Último dos byronianos de nosso chão, ultimamente esteve no limiar entre a loucura e a lucidez. Não se vestiu de uma nem de outra, preferiu o paletó amarfanhado, a barba por fazer e os sapatos por residência. Vasculhou o corpo da cidade onde ela mais pulsa, onde todos os caminhos se cruzam, num tecido de destinos e pressas. Ali ele instalou-se, observador desse fluir, mar, e Mário e estuário, deglutindo antropofagicamente a neura alada da urbe atravessada por infinitas interrogações. Nunca entendeu porque a legião de seus antigos companheiros, que brandiam o verso como arma, sucumbiram entre gravatas, bravatas e cifras, aos encantos da Dalila do enquadramento social.

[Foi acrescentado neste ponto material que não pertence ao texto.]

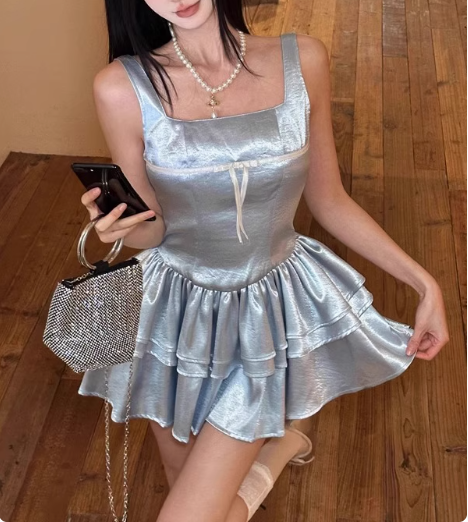 Blue Cake Skirt Short Square Neck Satin 17th Birthday Homecoming Dress P3654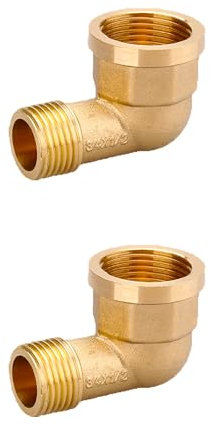 2 pièces,Coude En Laiton 90°,Coude d'Angle De Tuyau,Taille 1/2’’ Raccord En Laiton,Filetage Intérieur 25 Mm x Filetage Extérieur 20 Mm,Pour Tuyau Douche, Mitigeur Baignoire, Robinet Exterieur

Carneiro Portela, Márcio Catunda, Aírton Monte, Pádua Lima, Iton Lopes, Valden Luís, Nelson Freitas, Jackson Sampaio, Josênio Parente, Silvino Neves, Luiz Ribeiro, Pedro Albino, Rembrant Esmeraldo, Renato Saldanha, Ricardo Guilherme, Nonato de Brito, todos faziam poesia, mas Mário Ferreira Gomes vivia a poesia e era salvo por ela. E do alto dos seus versos verberava: "Meu nome é pensamento/Moro nos meus sapatos". Por conta desse desmonte do convencional, tornou-se único no seu "motus vivendi". Daí já ter sido tema de dissertação de mestrado e ter no seu séquito de discípulos, quem sugerisse até a mudança do nome Praça do Ferreira para Praça Mário Gomes.

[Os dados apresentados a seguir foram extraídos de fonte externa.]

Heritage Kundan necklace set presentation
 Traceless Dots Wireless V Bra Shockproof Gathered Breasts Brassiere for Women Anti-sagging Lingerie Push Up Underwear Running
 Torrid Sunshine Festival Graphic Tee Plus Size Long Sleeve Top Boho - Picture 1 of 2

Como 2014 foi ano em que muitos literatos migraram para não mais voltarem, ele pegou a fila humildemente como último colocado. Deixou que fossem Ivan Junqueira, João Ubaldo, Ariano Suassuna, Artur Eduardo Benevides, Manoel de Barros e Nilto Maciel. Foi aí que ele aproveitou o embalo e também se foi sem nos dar adeus. Antes, no entanto protestou: "Vivo encarcerado nessa carcaça de carne e osso por nome Mário Gomes, mas um dia me libertarei, dando descanso a esse pobre coitado". Dele para ele, continuava: "Mário Gomes, me desculpe, mas às vezes você me enraivece com sua sede, com sua embriaguez, com sua fome".

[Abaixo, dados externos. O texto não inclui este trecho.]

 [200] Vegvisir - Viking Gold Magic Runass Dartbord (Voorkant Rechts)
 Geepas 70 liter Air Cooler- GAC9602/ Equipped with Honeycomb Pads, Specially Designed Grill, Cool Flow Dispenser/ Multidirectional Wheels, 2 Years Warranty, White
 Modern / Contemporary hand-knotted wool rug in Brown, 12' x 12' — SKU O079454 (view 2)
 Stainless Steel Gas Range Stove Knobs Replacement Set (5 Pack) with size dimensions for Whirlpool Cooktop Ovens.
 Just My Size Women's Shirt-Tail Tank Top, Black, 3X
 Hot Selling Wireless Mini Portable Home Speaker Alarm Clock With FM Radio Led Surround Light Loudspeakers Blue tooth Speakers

Esse pensamento e a vida dissoluta ele já transportava, nos estertores da década de 1960, quando beletrávamos nas noites dos sábados no Clube dos Poetas Cearenses. Ao final das reuniões, íamos para nossas casas e Mário ia para os braços da sua musa, a noite fortalezense. Essa musa o segurou para além das nossas previsões. Alcançou a linha de chegada aos 67 anos de vida airosa, levando sempre a esperança à frente e os desenganos atrás. "Beijei a boca da noite / e engoli milhões de estrelas / fiquei iluminado", disse ele no poema "Ação gigantesca". "Quando estou aqui na praça e cai uma folhinha em mim, penso que foi um beijo que a natureza me deu".
Na sua irreverência assumida, sempre se proclamou "vagabundo e malandro". E na sua biografia fazia questão de acentuar sua aposentadoria aos 29 anos como louco. Compromissado unicamente com a máxima liberdade possível, curtiu prisões, fez grandes viagens de carona e a pé e quando internado no manicômio ainda teve a lucidez de enumerar os 12 choques elétricos que lhe aplicaram. Com essas torturas, tornaram-no mais poeta, mais habitante da margem esquerda dessa correnteza em que o resto da população é levada como boiada servil. Dos seus oito livros deixados, dos amigos que ficaram, dos parceiros Márcio Catunda e Alcides Pinto, há um verso que caracteriza bem o seu viver: "Foi gostoso viver".